Just look at Netflix NFLX as an example – the stock has been range-bound for a year after its subscriber and revenue growth rate peaked in early 2020. Cloud companies that posted scorching-hot growth rates last year have also been struggling to make new highs. If FANG goes this route, and this incredible quarter turns into a profit-taking opportunity, it could be a very sustained one.
Jay Powell And The Hawks
In all of this, one can’t lose sight of the fact the sharpest macro shifts of the year all happened around the June FOMC. Extreme yield-curve compression and a surprise ascent in the dollar began the day the Fed took a marginal step towards hawkishness last month by embracing the hawks through an acceleration of the dot-plot’s expected tightening timeline. While we know Chair Powell is not eager to change the game plan until employment satisfies his requirements, the needle is getting harder to thread. Overall data has been missing expectations, with the economic surprise rate in steady decline since the last FOMC.

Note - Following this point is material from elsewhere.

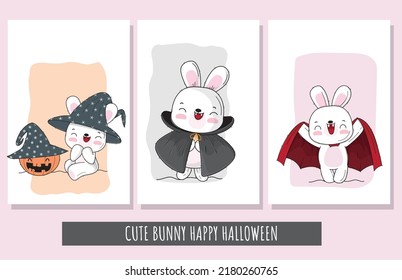 Un lindo conjunto de conejita feliz ilustración de personajes de Halloween para niños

Yet, the inflation surprise rate is ripping higher. I looked at the history between the two indexes – economic surprise vs. inflation surprise – and they’ve never been this inversely correlated while the inflation beat-rate is climbing this way. And don’t forget the last CPI went in the wrong direction – higher when analysts expected lower – the literal opposite of transitory. If this forces the Fed more hawkish, watch for deeper yield-curve compression and a higher dollar. If Powell uses this opportunity to call back the AIT framework from the beginning of the year, watch out for bonds – with inflation already at 5%, a message from Powell that he’s not even thinking about hiking could be the force for yields to blast off again.